An obituary of Professor Sir David Watson - a giant figure in higher education who has died aged 65. Written by his friend and colleague Rob Cuthbert.
This article is more than 9 years old

Rob Cuthbert is emeritus professor of higher education management and former Deputy Vice Chancellor at the University of the West of England. He edits Higher Education Review and SRHE News, chairs the Improving Dispute Resolution Advisory Service, and is managing partner for the Practical Academics consultancy.

David Watson, who has died aged 65, was one of the foremost academic leaders of his generation. Although his abundant talents meant that any career could have been open to him, it is our great good fortune that he chose to spend his life in higher education as an academic, manager, strategic thinker and policymaker, enriching the lives of thousands of students and colleagues with his wisdom, humanity, courage and leadership.

David Watson was educated at Cheshunt Grammar School and Eton College, and read history at Clare College, Cambridge, where he was a Choral Exhibitioner and Open Scholar, winning first class honours. He was a Thouron Scholar at the University of Pennsylvania, where he was awarded his doctorate in intellectual history in 1975, laying the foundations for his own lifelong reflective practice.

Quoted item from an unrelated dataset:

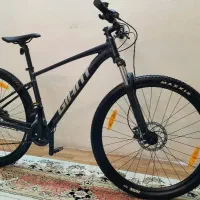 جاینت تالون 3 سایز 29 در حد صفر|دوچرخه، اسکیت، اسکوتر|تهران, افسریه جنوبی|دیوار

Taking as he often did the road less travelled, in his early career he moved not into any of the elite universities which would have welcomed him, but instead to the polytechnic sector, where he rapidly became Dean and then Deputy Director at Oxford Polytechnic (1981-1990). Oxford’s innovative curriculum was described in David’s first book about higher education, Managing the modular course (1989), one of the very few books about the HE curriculum which comprehends learning as both pedagogy and institutional strategy. As a member of the Council for National Academic Awards (1977-1993) he made a major contribution to CNAA’s groundbreaking curriculum innovation at national level.

David Watson was already a member of the Polytechnics and Colleges Funding Council (1988-92) before he became Director of Brighton Polytechnic (1990-1992) and Vice Chancellor of its successor the University of Brighton (1992-2005), continuing also as a member of the Higher Education Funding Council for England (1992-1996). He became not only an outstanding university leader but also one of the most prominent actors in HE policymaking and equally prominent author of influential works on higher education policy and curriculum: Developing professional education (with Hazel Bines, 1992); Managing the university curriculum (with Jean Bocock, 1994); and Lifelong learning and the university (with Richard Taylor, 1998).

As a manager David Watson’s transparent integrity and concern for others made him not just a colleague but a friend to many at Brighton, where he played a major role in shaping the university as it gained university status, giving it a distinctive role among the leading post-1992 universities. He was an accomplished chair of all kinds of meetings, deploying his unrivalled knowledge, gentle sense of humour and twinkling smile without artifice.

Unusually for a Vice Chancellor he also continued to be a leading researcher into higher education, publishing Managing Strategy (2000), New Directions in Professional Higher Education (with Tim Katz and Tom Bourner, 2000), Higher education and the lifecourse (with Maria Slowey, 2003), and Managing Institutional Self-Study (with Elizabeth Maddison, 2005). This made it easy for him to return in 2005 to a full-time academic role as leader of the MBA Higher Education Management at the Institute of Education (2005-2010), one of the world’s best programmes for “people at the beginning of the middle of their careers”, as he put it.david watson wonkhe oxford brookes

David Watson as Deputy Director of Oxford Polytechnic. Photo: Steve Maybury/Oxford Brookes

David was elected chair of the Universities Association for Continuing Education (1994-1998) and chaired the Longer Term Strategy Group of Universities UK (1999-2005). He was a member of the Paul Hamlyn Foundation’s National Commission on Education (whose report Learning to Succeed was published in 1993), and the National Committee of Inquiry into Higher Education chaired by Sir Ron Dearing (whose report Higher Education in the Learning Society was published in 1997). Introducing Sir David’s retirement lecture at Brighton, Ron Dearing said; “I have taken on a number of very difficult tasks in higher education over the years. I did so because I was confident that David Watson was there.”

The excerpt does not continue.